Holley provided the analysts with updated guidance for Wal-Mart’s fiscal 2015. Guidance is a publicly traded company’s official prediction of its own near-future profit or loss. In October, Wal-Mart said it expected sales growth of 3 percent to 5 percent. Holley said Tuesday that growth would be closer to the bottom end of that range, mostly because of the instability of foreign currency.

However, Wal-Mart plans to build more store space than it predicted in October. Square footage growth, pegged at 33 million to 37 million square feet, has been increased to 35 million to 39 million square feet, Holley said.

For Wal-Mart to be successful in fiscal 2015, the retailer will have to, among other things, strengthen its global compliance efforts and ethics model, continue to expand its e-commerce efforts, increase same-store sales and attract world-class talent.

“They know when they come here that they can have a very large effect on a very large number of people - millions of customers - if they work at Wal-Mart,” Holley said.

Wal-Mart recently hired 15 finance and strategy interns to work in Bentonville this summer. Holley said they come from Harvard University, the Massachusetts Institute of Technology, Dartmouth College and Duke University, among other major universities.

“We attract those kinds of students because they know they can make an impact at Wal-Mart,” he said. “They really do like the kinds of challenges that we have.”

In the arena of compliance, Wal-Mart is expected to spend up to $240 million this fiscal year on matters related to the Foreign Corrupt Practices Act, which the retailer is accused of violating in Mexico and other countries, including India and China. Wal-Mart started an internal Foreign Corrupt Practices Act investigation in 2011, and the U.S. Justice Department and the Securities and Exchange Commission are also investigating the company.

“Our shareholders and customers deserve to know that Wal-Mart is a company that believes we should always do things the right way, not just sometimes,” Holley said. “We’re working hard on this and believe we will be a world class model of ethics and compliance.

“Our brand and reputation really rely on this, so it’s extremely important to us,” he added.

Holley spent little time rehashing fiscal 2014, but made comparisons between last year and what is expected of Wal-Mart’s performance this year.

Even with $473 billion in net revenue last year, sales at stores open a year or more were weak, he said.

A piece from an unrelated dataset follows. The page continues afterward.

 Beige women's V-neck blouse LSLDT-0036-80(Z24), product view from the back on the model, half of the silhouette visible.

Officials said in October that they expected 2 percent to 3 percent sales growth. The actual figure was 1.6 percent, or $7.5 billion. They anticipated the total square footage of stores to increase 3 percent to 4 percent. The actual number was 3 percent, or 32.6 million square feet. Some of the building will be new supercenters, but most of the new construction - up to 300 units - will be Neighborhood Markets and express stores.

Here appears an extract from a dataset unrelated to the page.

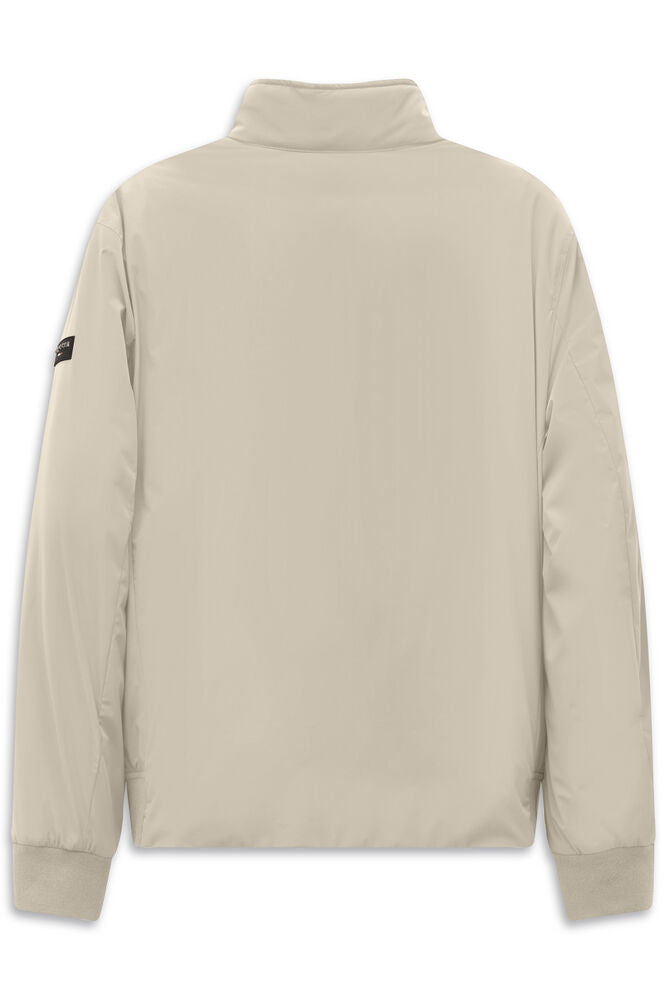 Beige jacket with a stand-up collar, ribbed knit cuffs and hem. Small dark patch on the left sleeve.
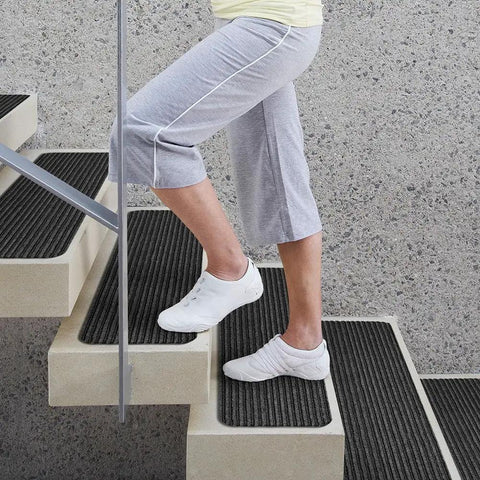 Set of 15 Skid Resistant Double Ribbed Carpet Stair Treads Smokey Black 9x36 Inches, person walking on stairs with treads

Slower-than-anticipated growth hindered Wal-Mart’s ability to leverage its expenses, “which has been a real focus of ours for the last three years,” Holley said. These troubles were founded primarily in the retailer’s international segment - Mexico, in particular - which had a hard time getting its expense base down to the slower sales rate.

As executive vice president and CFO, Holley is responsible for accounting and control, business planning and analysis, internal auditing, treasury, tax and other finance-related areas of the company. The lead financial executives in each of Wal-Mart’s operating segments - Wal-Mart U.S., Sam’s Club and Wal-Mart International - all report directly to Holley. He also serves on the Wal-Mart executive committee, the Wal-Mart real estate committee and is the chairman of the executive finance committee.

He previously worked for Tandy Corp. and Ernst & Young.

This was Holley’s third consecutive year speaking at the consumer and retail conference.